This oft-repeated juxtaposition, superficial and  irresponsible, between The Economy and Social Issues (especially, in polls, “jobs” and  “contraception”) is like a political media Greek chorus.  People believe it, especially women who are disinclined to think about themselves as discriminated against by virtue of their sex.  Young women answer these questions and pollsters ask them the way they do based on the assumption that women, armed with education and “girl power,” have equal access to newly created jobs and will be paid fairly for their work.  Those are false assumptions that women, especially young childless ones, need to consider before they vote, because this year’s elections, both state and presidential, will affect their ability to do both for years to come.

We’re engaged in a mass delusion that misleadingly pits The Economy against what are at their core,  Reproductive Rights.  Don’t be fooled when considering who to vote for – women can’t participate equally in the first until they have the second.  The very phrasing of the questions and the reporting of the answers hide the complex and interdependent relationship between the two. Contraception, reproductive rights, gay marriage (defined as it is by conservatives as a threat to male/female hierarchies) – all have critical implications for women’s economic well-being and for the economy at large.

Insistence on splitting these two concerns is particularly useful to Republicans, because it allows them toblame women’s economic woes on their “choices,”  a specific irony.  If a woman gets paid less or doesn’t have a “seat at the table” it’s because she chose a lower paying job, or because she chose to have children and works part-time, or she chose to not complete her education. If women make “bad choices” it’s their own fault, their decisions and they have to pay the consequences. Which gets us to the second half of this equation. Simultaneously, for the “less important” Social Issues, the word “choice” is completely anathema to Republican legislators and presidential hopefuls. Girls and women cannot possibly be trusted with “choices” when it comes to their own bodies, sex ed, birth control, health care, sexuality, domestic violence and marriage.

Most importantly, however, in terms of the economy, is that what all of these secondary-in-importance social issues boil down to is that women especially cannot be allowed to “choose” for themselves when to become mothersarguably the single most important contributing factor to their, and our economies, long-term well-being.

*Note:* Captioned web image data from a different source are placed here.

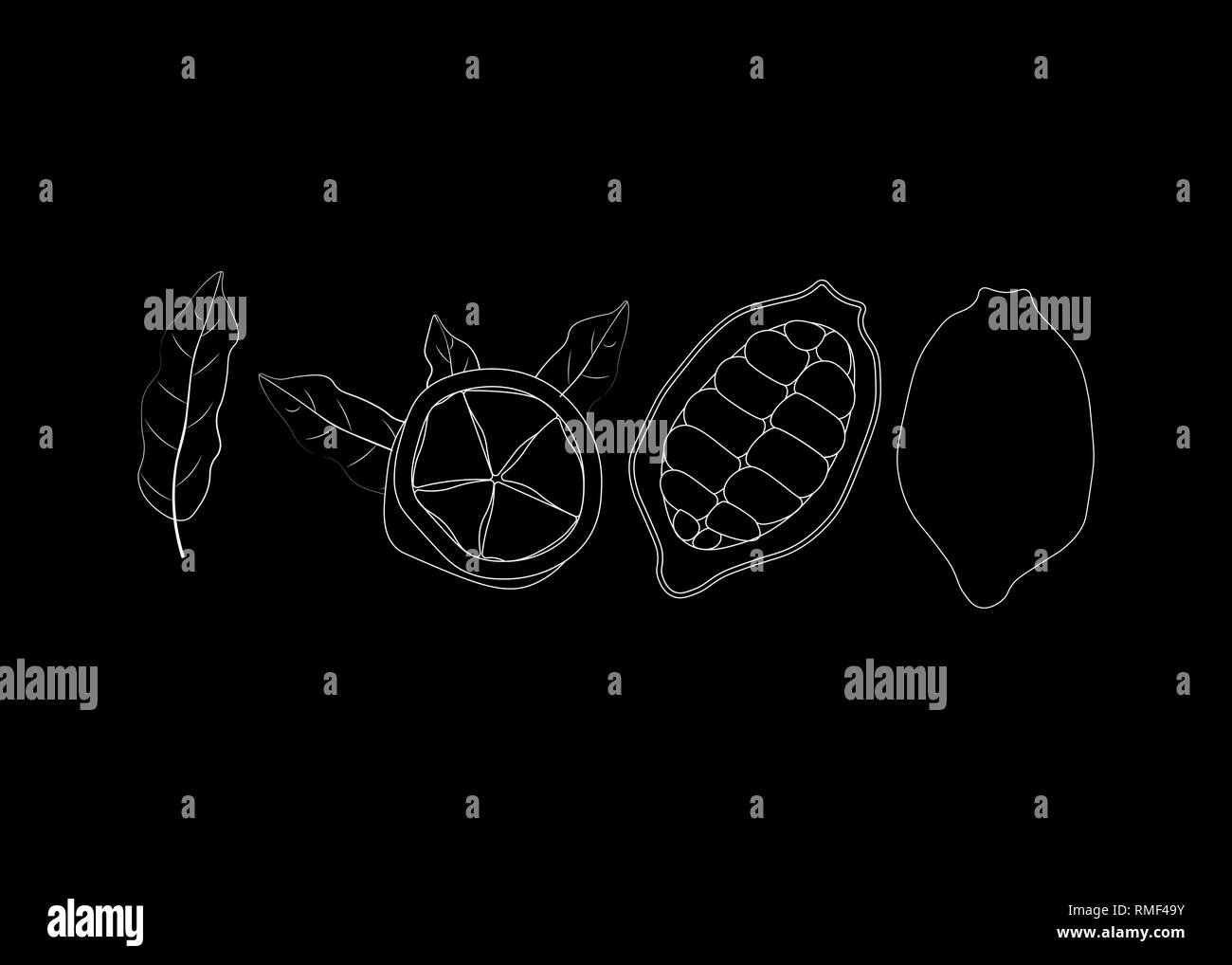 Tropical frutto di cacao. Alimenti eco. Cupuacu cupuassu esotici, cupuazu e copoasu, 10 eps Illustrazione Vettoriale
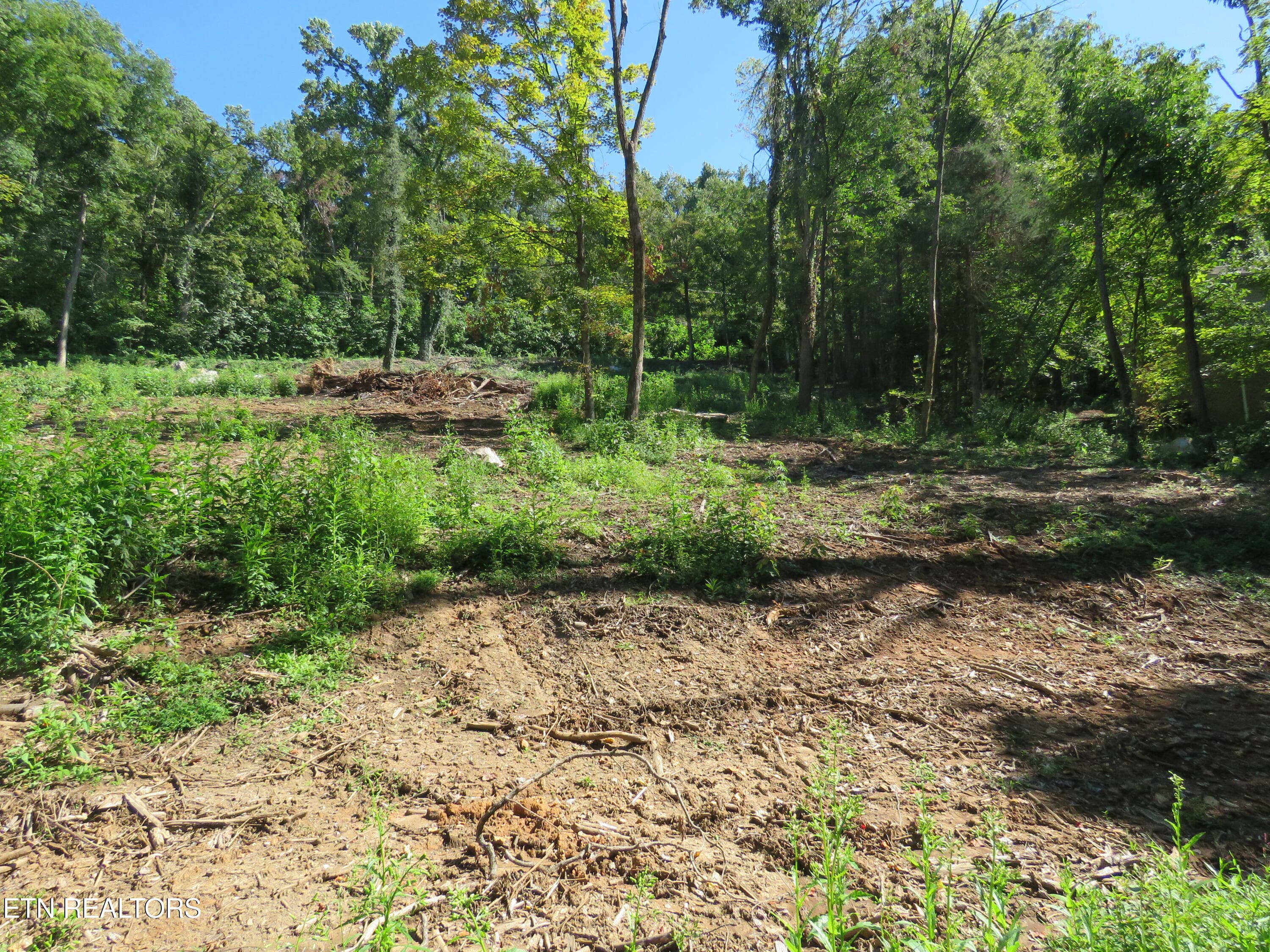 1 - 0 Watauga Rd, Cookeville, TN 38506, Cookeville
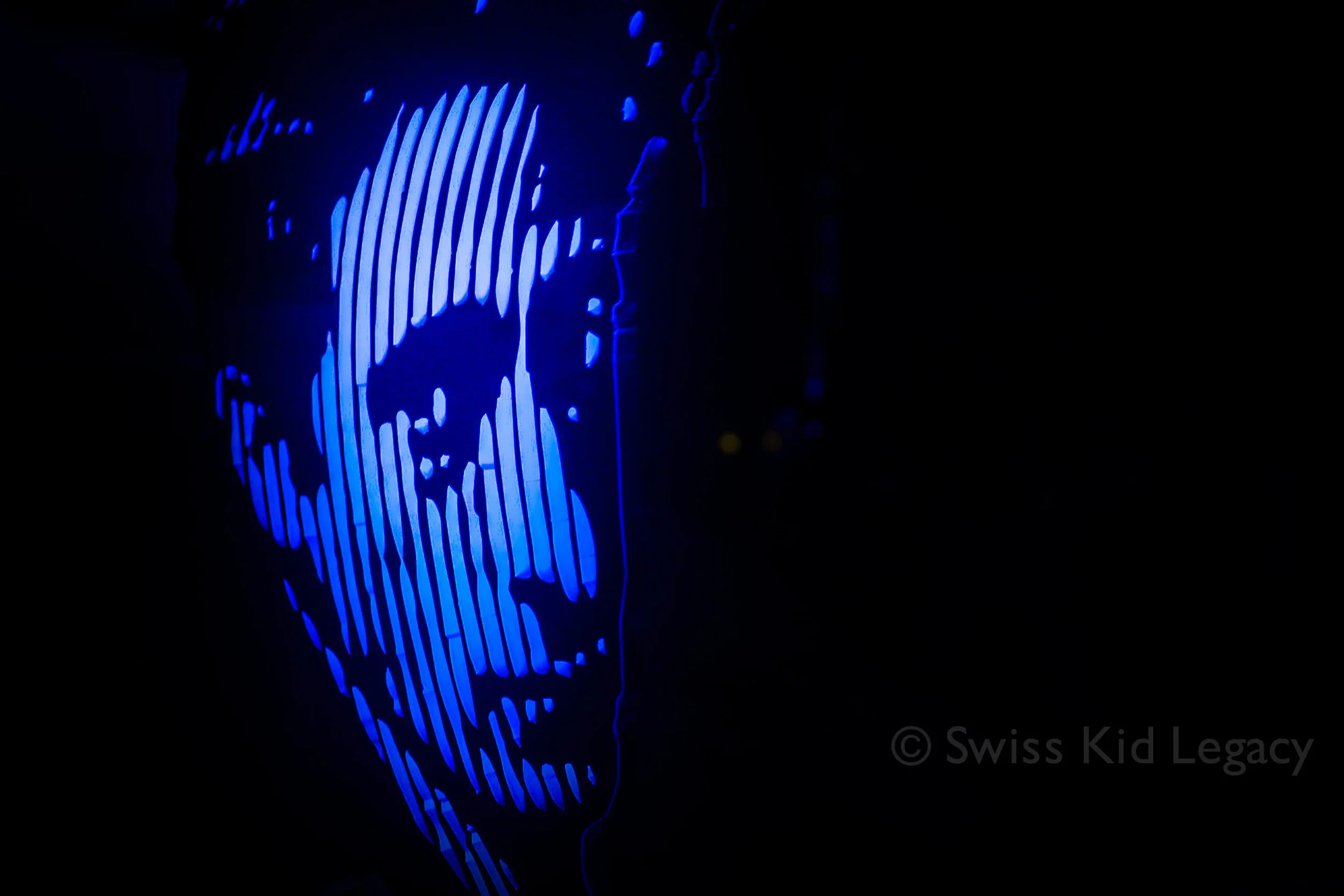 Cannes11.jpg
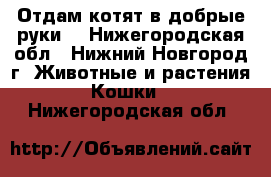 Отдам котят в добрые руки! - Нижегородская обл., Нижний Новгород г. Животные и растения » Кошки   . Нижегородская обл.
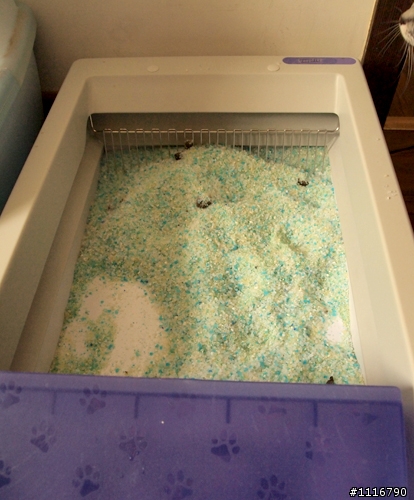 [簡陋開箱文] ScoopFree自動清貓砂機(水晶砂款)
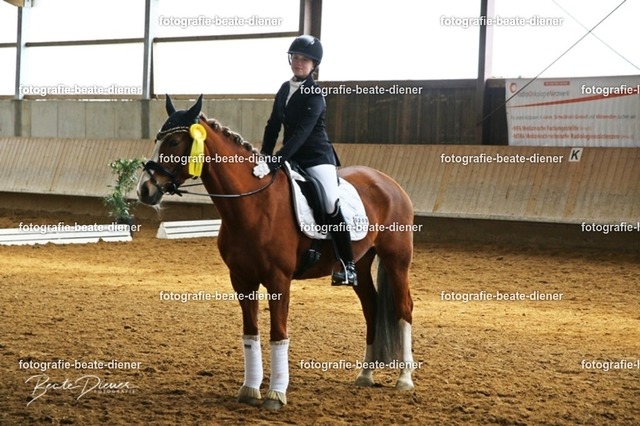 JugendTrophy0981 | Fotografie, Tiere, Hunde, Katzen, Pferde, Sportfotografie, Fotosession, Tierfotografie, Turnierfotografie, Fotografin, Fotograf - Realisiert mit Pictrs.com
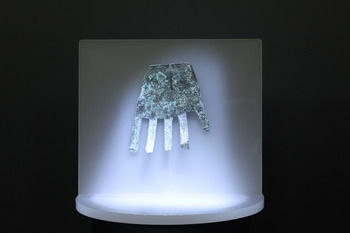 La mano de Irulegui estará protegida en el Museo de Navarra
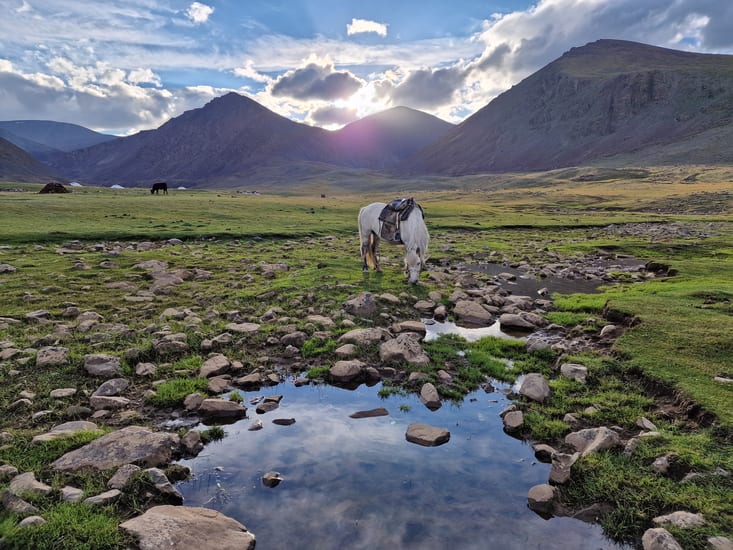 horse in bayan olgii in mongolia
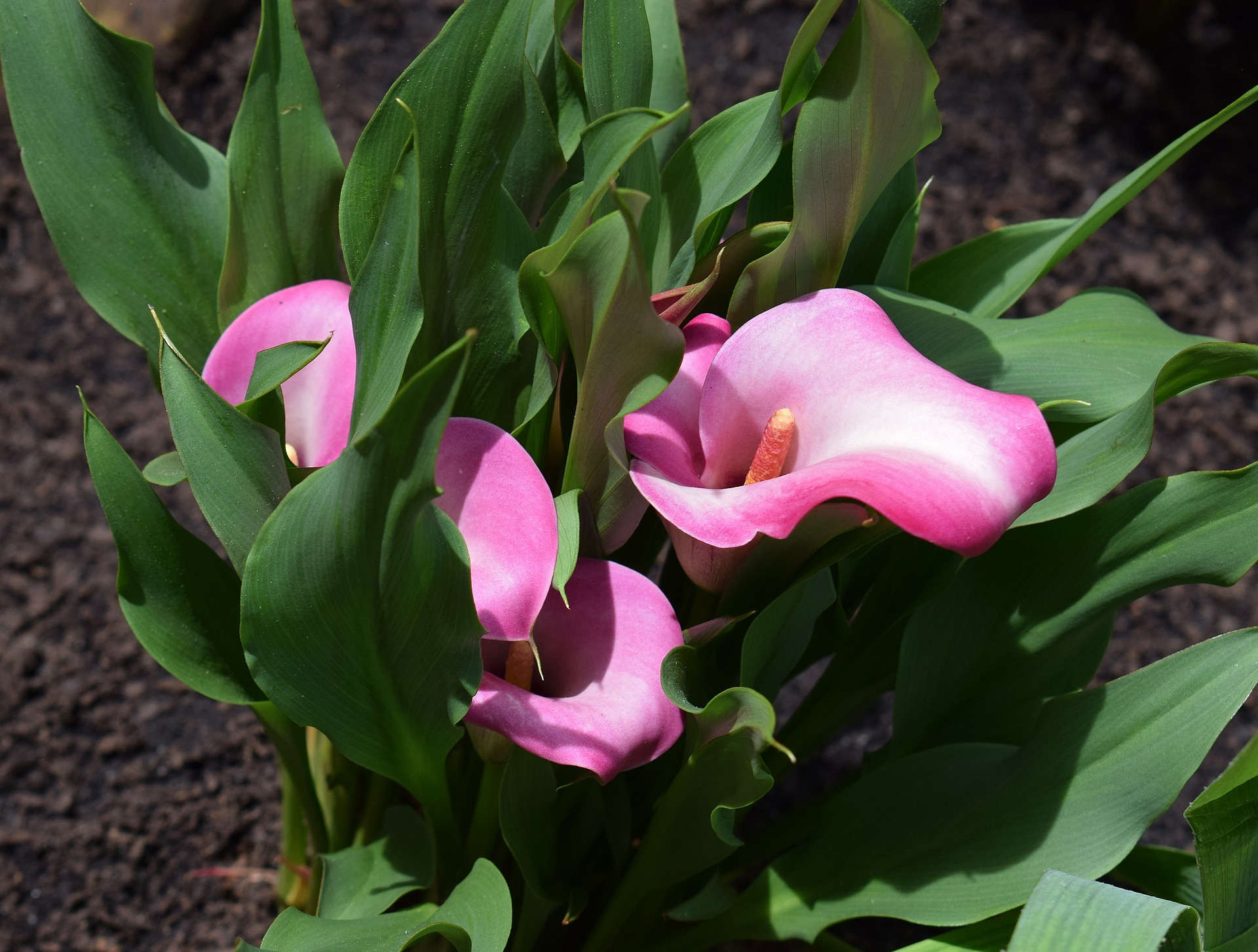 Calla Lily Flowers Planting Growing And Caring For Calla Lilies   Pink Calla Lily 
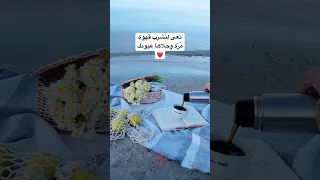 تعى لنشرب قهوة   حالات واتس دندنها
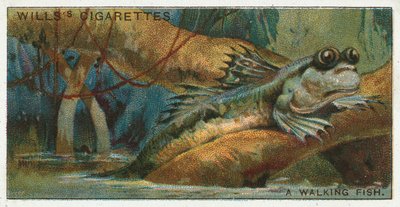 Un Pesce Camminante da English School
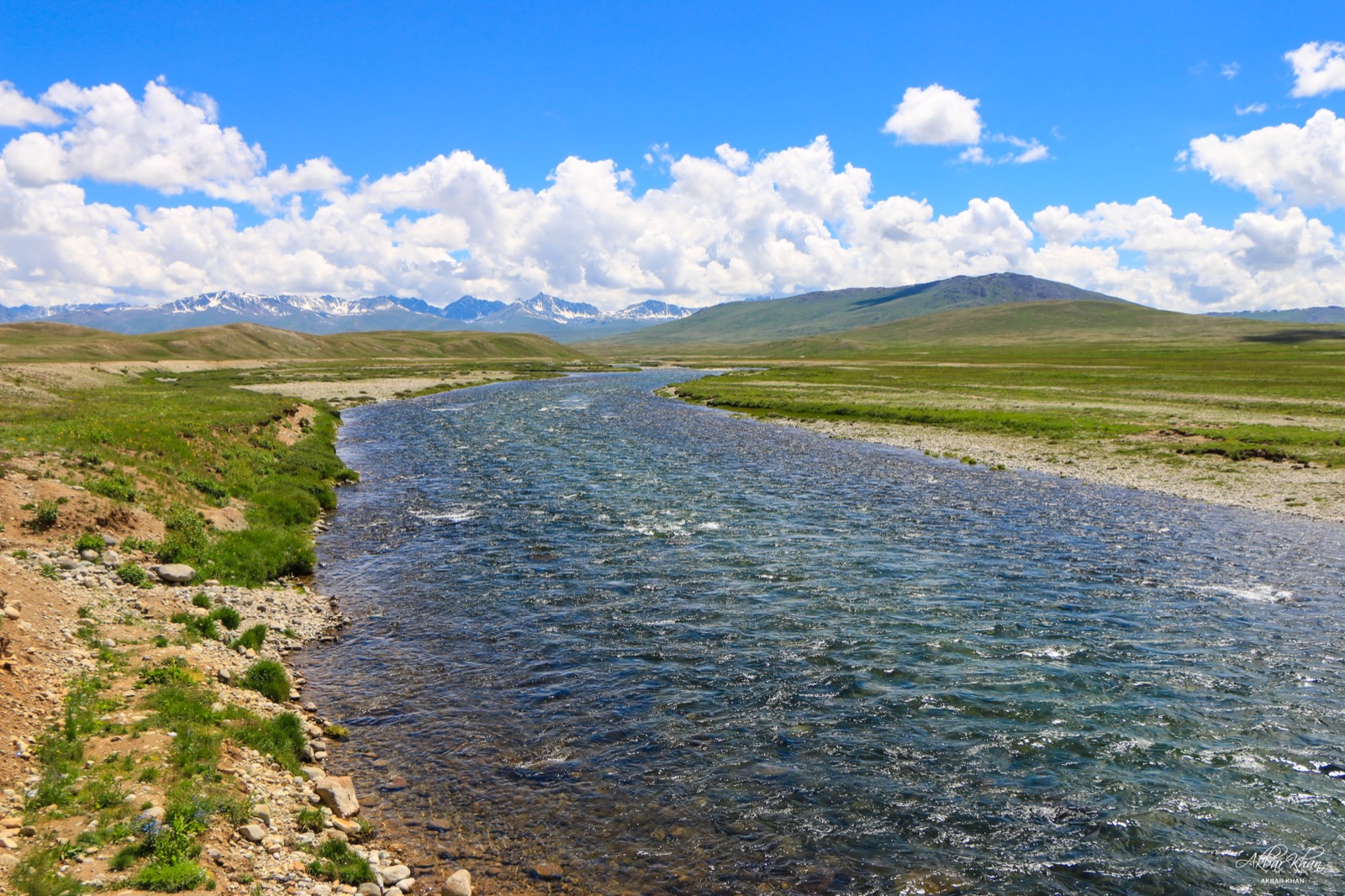 Bara Pani stream on the Deosai Plains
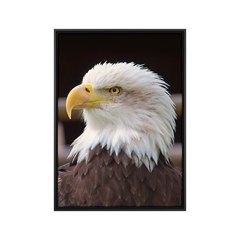 QUADRO ANIMAIS 019 C/V 80 cm x 100 cm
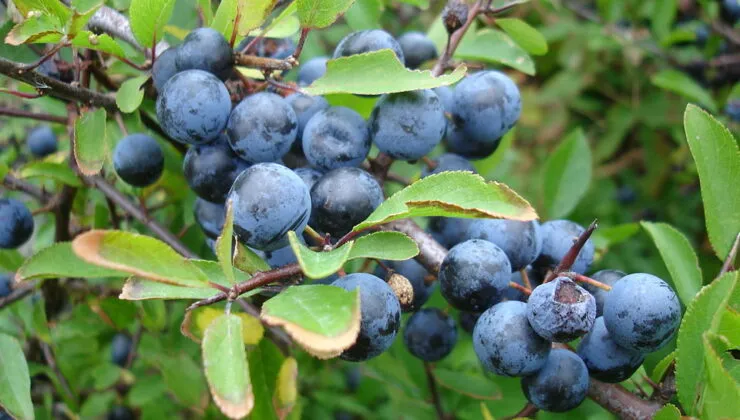 Doğanın Saklı Mücevheri: Çakal Eriği’nin Acıdan Tatlıya Dönüşen Bin Yıllık Hikayesi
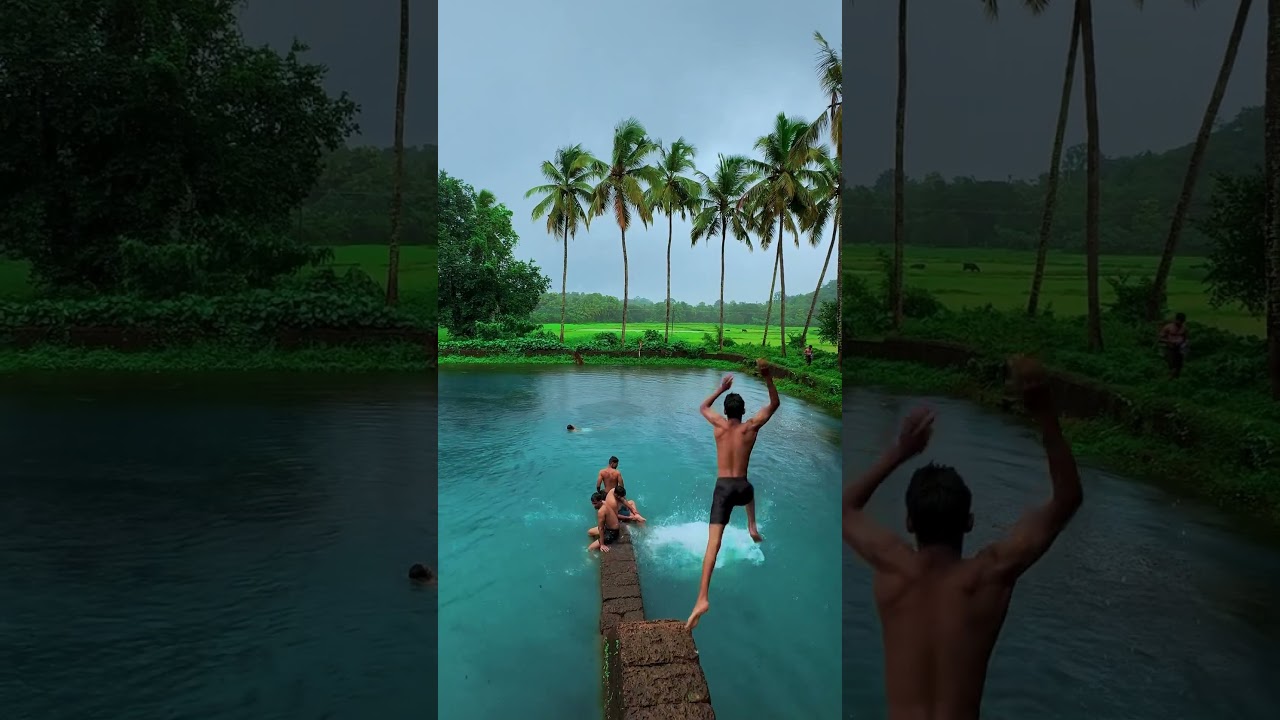 Monsoon Days in Kerala #shortsvideo #palakkad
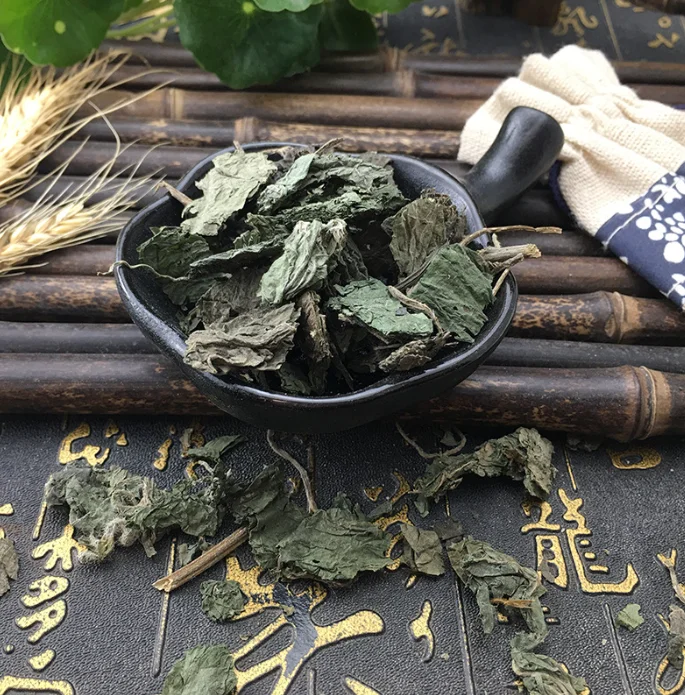 Factory supply herb Pure natural no add New crops dry Nettle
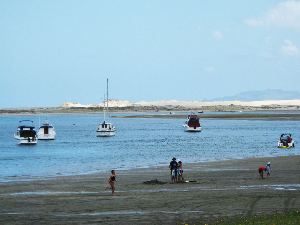 mangawhai harbour at dusk-950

What single factor arguably has the greatest impact on a woman’s work life? In other words, what enables women to participate in the economy and become productive workers and engines of economic growth and expansion?

That would be motherhood.

So, even single, childless, undecided women who may one day get pregnant, should consider what happens to a woman when she gives birth:

  • She is 44% less likely to be hired
  • She makes 11% less than her non-mother female counterpart (who is already just making 78cents to the male dollar)
  • She is less likely to go to school or complete her education.
  • She works part-time with more frequency, so that she can provide child care for which she is uncompensated and can derive no benefits as child care is invisible labor.
  • She is less able to work overtime.
  • She is unable to get maternal health care coverage as part of a basic insurance policy. Already discriminated against by gender rating in insurance prices, she is now doubly financially harmed by the fact of her parenthood.
  • She is more likely to have to limit herself to lower paying job sectors where she thinks she will have more “flexibility” even though this has been proven not to be the case.
  • She is more likely to be impoverished and become state dependent.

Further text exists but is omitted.